Exercise goal |
Would you please return the lines of the entries below starting at the line that has "Andy participe au" and ending at the line that has "Pinhão: Os benefícios", both included, exactly as they are?

Supplied data |
*** Begin section ***

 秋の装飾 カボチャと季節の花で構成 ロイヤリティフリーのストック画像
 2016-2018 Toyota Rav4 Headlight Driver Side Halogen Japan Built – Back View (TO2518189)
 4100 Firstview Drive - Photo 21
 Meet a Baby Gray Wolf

*** End section ***
*** Begin section ***

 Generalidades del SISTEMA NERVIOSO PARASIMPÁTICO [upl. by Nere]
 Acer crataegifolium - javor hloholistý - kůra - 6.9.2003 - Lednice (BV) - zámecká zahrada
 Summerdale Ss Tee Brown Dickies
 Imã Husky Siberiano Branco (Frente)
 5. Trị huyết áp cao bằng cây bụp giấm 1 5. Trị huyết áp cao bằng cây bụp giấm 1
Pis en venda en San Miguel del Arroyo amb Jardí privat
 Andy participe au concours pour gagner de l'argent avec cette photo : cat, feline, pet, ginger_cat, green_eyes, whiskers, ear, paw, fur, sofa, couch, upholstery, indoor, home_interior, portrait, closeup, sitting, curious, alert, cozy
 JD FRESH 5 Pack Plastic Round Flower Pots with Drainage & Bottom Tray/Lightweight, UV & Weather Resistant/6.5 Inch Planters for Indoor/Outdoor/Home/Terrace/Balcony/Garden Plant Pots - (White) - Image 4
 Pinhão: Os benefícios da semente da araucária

*** End section ***

Task result |
 Andy participe au concours pour gagner de l'argent avec cette photo : cat, feline, pet, ginger_cat, green_eyes, whiskers, ear, paw, fur, sofa, couch, upholstery, indoor, home_interior, portrait, closeup, sitting, curious, alert, cozy
 JD FRESH 5 Pack Plastic Round Flower Pots with Drainage & Bottom Tray/Lightweight, UV & Weather Resistant/6.5 Inch Planters for Indoor/Outdoor/Home/Terrace/Balcony/Garden Plant Pots - (White) - Image 4
 Pinhão: Os benefícios da semente da araucária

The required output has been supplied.